APPENDIX 8
Anticipated Local Government Settlement for 2025-26
1. Following the Chancellor’s Budget on 30th October we have some insights into the potential shape of the Provisional Settlement for 2025-26 but have not yet seen the detail. The indications are that the detailed Provisional Settlement will not be announced until the week before Christmas, now anticipated to be Thursday 19th December.
2. In the Chancellor’s Budget it was identified that there will be a real terms increase in core local government spending power of around 3.2% in 2025/26, including at least £1.3 billion of new grant funding, of which at least £600 million will be new grant funding to support social care (i.e. this element will go to upper tier and unitaries); £700m funding within the £1.3billion will targeted funding intended to be a first steps towards a deprivation based funding approach with additional funding targeted to the places that need it most.
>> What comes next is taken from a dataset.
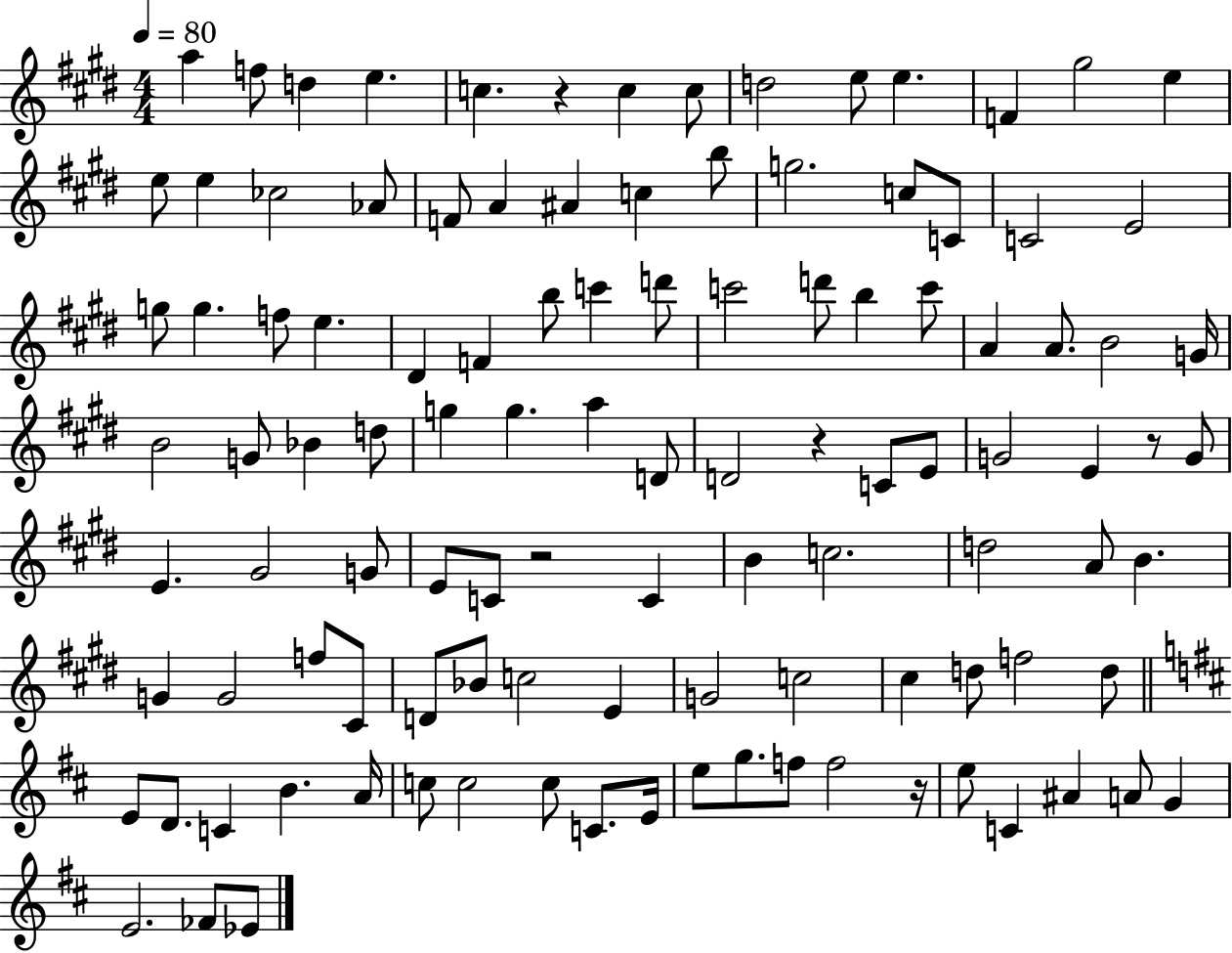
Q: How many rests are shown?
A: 5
It is anticipated that a majority of this targeted funding will go to upper tier and unitary councils. It is likely that when the Spending Review for 2026-27 to 2027-28 or 2028-29 is announced that there will be a shift in the local government funding model towards needs equalization which is not likely to be favourable to Surrey councils.
3. Within the £3.4billion additional spending power, as stated above £1.3billion is represented by additional grant and £2.1billion by additional council tax. So, more of the additional resources for local government allowed for by the Core Spending Power is coming from council tax increases than from central government grant. The Office for Budget Responsibility has estimated that the additional increase in council tax income will equate overall nationally to about a 5% increase for the sector.
4. We await to see whether the new Government will continue with New Homes Bonus grant for one more year. It is anticipated that the Core Spending Guarantee Grant will continue but with a lower percentage guarantee.
5. The Shared Prosperity Fund will continue for a further year and be worth £900 million, in advance of wider funding reforms. There will be an £86 million increase to the Disabled Facilities Grant in 2025/26.
6. The Government will provide £233 million of additional spending in 2025/26 to prevent homelessness. This suggests the Homelessness Prevention Grant continuing for another year.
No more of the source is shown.